··· PROVIDED MATERIAL ···
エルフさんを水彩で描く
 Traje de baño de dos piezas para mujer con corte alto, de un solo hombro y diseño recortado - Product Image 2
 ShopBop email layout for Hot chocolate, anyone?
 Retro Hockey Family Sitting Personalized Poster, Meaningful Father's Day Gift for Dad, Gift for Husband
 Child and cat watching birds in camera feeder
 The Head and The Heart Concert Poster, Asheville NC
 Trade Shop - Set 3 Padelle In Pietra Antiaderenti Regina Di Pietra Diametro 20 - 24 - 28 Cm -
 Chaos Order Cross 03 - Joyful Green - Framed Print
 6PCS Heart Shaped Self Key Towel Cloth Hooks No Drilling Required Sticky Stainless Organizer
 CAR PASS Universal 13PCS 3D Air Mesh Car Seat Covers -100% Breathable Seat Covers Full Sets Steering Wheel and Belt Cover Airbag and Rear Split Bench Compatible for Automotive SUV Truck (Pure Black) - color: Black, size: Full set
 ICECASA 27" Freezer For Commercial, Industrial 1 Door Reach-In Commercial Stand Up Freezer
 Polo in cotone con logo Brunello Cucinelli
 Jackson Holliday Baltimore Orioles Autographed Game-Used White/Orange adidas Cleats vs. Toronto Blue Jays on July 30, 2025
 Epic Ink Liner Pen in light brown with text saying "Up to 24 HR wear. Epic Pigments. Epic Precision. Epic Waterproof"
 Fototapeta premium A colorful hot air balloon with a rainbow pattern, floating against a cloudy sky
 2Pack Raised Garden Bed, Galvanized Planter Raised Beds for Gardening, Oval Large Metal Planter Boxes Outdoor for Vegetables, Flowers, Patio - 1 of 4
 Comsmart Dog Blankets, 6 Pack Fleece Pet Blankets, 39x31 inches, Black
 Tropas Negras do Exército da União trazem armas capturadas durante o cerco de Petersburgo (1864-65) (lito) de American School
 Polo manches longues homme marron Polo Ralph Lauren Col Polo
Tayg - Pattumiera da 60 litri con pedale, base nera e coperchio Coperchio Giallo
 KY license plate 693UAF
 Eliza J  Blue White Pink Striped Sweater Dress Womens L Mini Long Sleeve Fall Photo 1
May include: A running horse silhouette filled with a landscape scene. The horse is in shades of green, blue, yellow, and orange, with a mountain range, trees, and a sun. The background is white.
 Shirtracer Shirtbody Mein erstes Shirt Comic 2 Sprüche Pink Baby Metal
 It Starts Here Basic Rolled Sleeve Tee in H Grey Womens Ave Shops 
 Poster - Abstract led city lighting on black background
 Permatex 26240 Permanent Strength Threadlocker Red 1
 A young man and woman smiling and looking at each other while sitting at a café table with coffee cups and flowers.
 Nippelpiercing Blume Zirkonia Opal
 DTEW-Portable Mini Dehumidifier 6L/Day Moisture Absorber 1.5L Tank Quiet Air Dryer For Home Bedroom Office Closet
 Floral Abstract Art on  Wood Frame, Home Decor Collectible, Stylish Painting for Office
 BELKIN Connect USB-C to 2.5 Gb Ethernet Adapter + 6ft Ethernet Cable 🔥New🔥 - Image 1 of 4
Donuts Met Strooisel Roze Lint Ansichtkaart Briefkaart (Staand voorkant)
···
WHAT THE EXERCISE ASKS: Which of the lines above include the word "Womens"? Copy each of them.

EXPECTED ANSWER:
 Eliza J  Blue White Pink Striped Sweater Dress Womens L Mini Long Sleeve Fall Photo 1
 It Starts Here Basic Rolled Sleeve Tee in H Grey Womens Ave Shops 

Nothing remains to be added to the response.